I like home décor and decorating television shows. An old favorite is “Clean House” on the Style channel. The premise of the show is simple. The “Clean House” team (organizer, designer, handyman and host) arrives at a home that is completely over-run with lots and lots of clutter. They use all sorts of tactics to pry the clutter loose from the grasp of the inhabitants and then sell the clutter in a huge yard sale and donate whatever is left to charity. The yard sale proceeds (plus a little extra) are used to make over the home into a functional and inviting space. When the homeowners play along, the transformations are really quite incredible.
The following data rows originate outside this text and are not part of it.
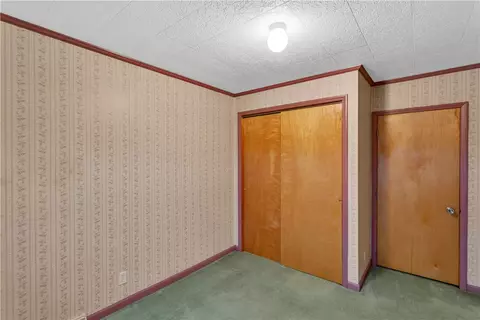 Bedroom - 324 Beech St, Vandergrift, PA 15690 photo 5 of 5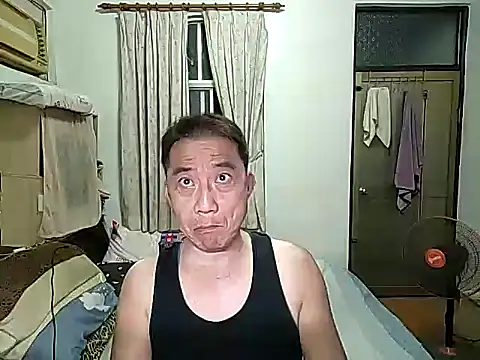 Snapshot of YuHsuant chatting on 10-06-25, 10:49 YuHsuant online show from 10-06-25, 10:49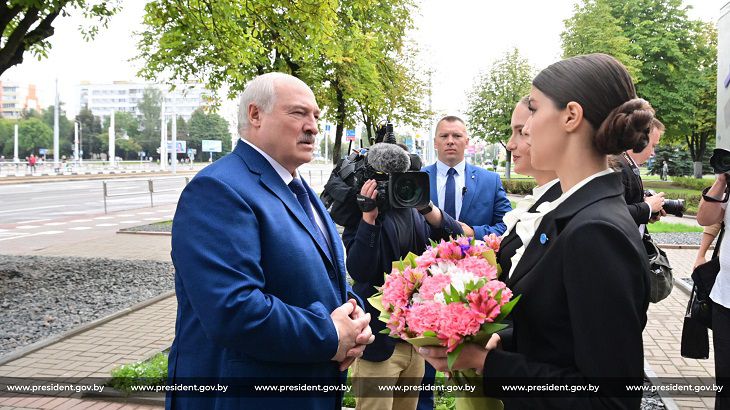 Лукашенко рассказал, как чувствует себя, когда его хвалят Лукашенко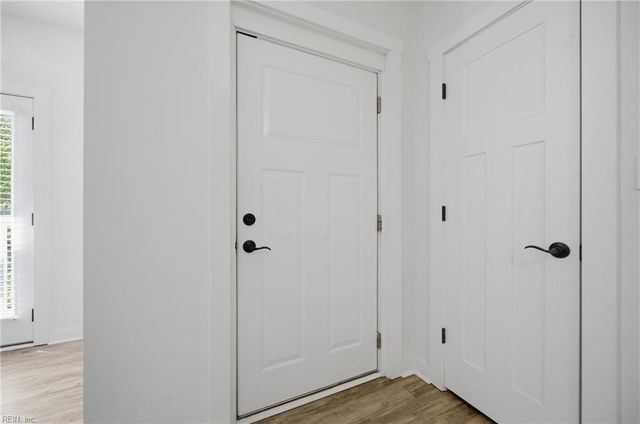 7922 Shore Dr Apt 307, Norfolk, VA 23518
As the team begins to sort the various items, identifying what should go, disagreements break out over who should let go of what. No one wants to give up their own stuff but everyone is quick to point out what the other family members should give up. This accumulation of stuff is literally rendering their homes unlivable. They know this is the truth but they are overwhelmed by the task of cleaning it up or sometimes, they don’t really want to get rid of the excess. They just don’t want to see it or have to step over it any more. Often it is clear that they really hope the clutter can be organized and stored, rather than gotten rid of.


There are mothers of teenagers who can’t let go of baby clothes and bassinets and young adults hanging on to a childhood’s worth of toys. There are piles of clothes, craft supplies, power tools, pots and pans, books, car parts, holiday décor and super-sized collections of every sort, ranging from velvet Jesus paintings to Viking helmets. Sometimes the things belonged to a beloved family member who has passed away. Sometimes it is left from a failed business venture.
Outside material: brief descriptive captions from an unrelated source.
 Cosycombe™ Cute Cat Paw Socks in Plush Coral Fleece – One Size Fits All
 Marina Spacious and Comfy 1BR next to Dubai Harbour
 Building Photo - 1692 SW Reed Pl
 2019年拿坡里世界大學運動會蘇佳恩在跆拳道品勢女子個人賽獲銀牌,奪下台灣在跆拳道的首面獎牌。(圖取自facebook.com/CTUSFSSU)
As the home owners stand in the doorway, gazing upon an unusable room, they will explain to the team what the purpose of the room is supposed to be…dining room, living room, guest bedroom…and then they express what they would like to room to become... home office, nursery, craft room, or simply functional again. But when it comes down to letting go of all the clutter housed there in order to transform the room into what they say they want, most of them put up a big ole’ fight. I’m sure some of it is staged for the camera but clearly in many cases, the team hits a real nerve. These folks have seen the show, they know what kind of transformation lies ahead, they ASKED for this and still, it is an enormous struggle to part with these things. It’s humbling to be honest about the condition of their home. And it’s a big job to begin clearing the mess.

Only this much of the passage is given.